## Action item:
Below are entries; output exactly the lines from the one with "Huge 5 Bedroom" to the one with "Archivo - El", both included, and nothing else.

## Given data:
====================

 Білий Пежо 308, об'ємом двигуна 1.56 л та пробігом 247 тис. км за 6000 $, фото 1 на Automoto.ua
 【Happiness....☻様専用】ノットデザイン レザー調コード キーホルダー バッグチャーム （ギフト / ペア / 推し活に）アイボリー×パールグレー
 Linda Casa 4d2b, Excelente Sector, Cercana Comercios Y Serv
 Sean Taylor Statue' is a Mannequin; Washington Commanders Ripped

====================

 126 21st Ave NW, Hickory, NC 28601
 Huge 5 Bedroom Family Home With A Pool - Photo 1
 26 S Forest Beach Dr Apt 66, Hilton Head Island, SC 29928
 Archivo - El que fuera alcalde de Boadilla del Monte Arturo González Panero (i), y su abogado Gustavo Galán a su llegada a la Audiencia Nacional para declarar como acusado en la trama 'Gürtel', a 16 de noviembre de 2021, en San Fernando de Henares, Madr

====================

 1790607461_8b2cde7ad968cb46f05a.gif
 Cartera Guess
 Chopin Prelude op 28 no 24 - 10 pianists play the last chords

====================

## Written answer:
 Huge 5 Bedroom Family Home With A Pool - Photo 1
 26 S Forest Beach Dr Apt 66, Hilton Head Island, SC 29928
 Archivo - El que fuera alcalde de Boadilla del Monte Arturo González Panero (i), y su abogado Gustavo Galán a su llegada a la Audiencia Nacional para declarar como acusado en la trama 'Gürtel', a 16 de noviembre de 2021, en San Fernando de Henares, Madr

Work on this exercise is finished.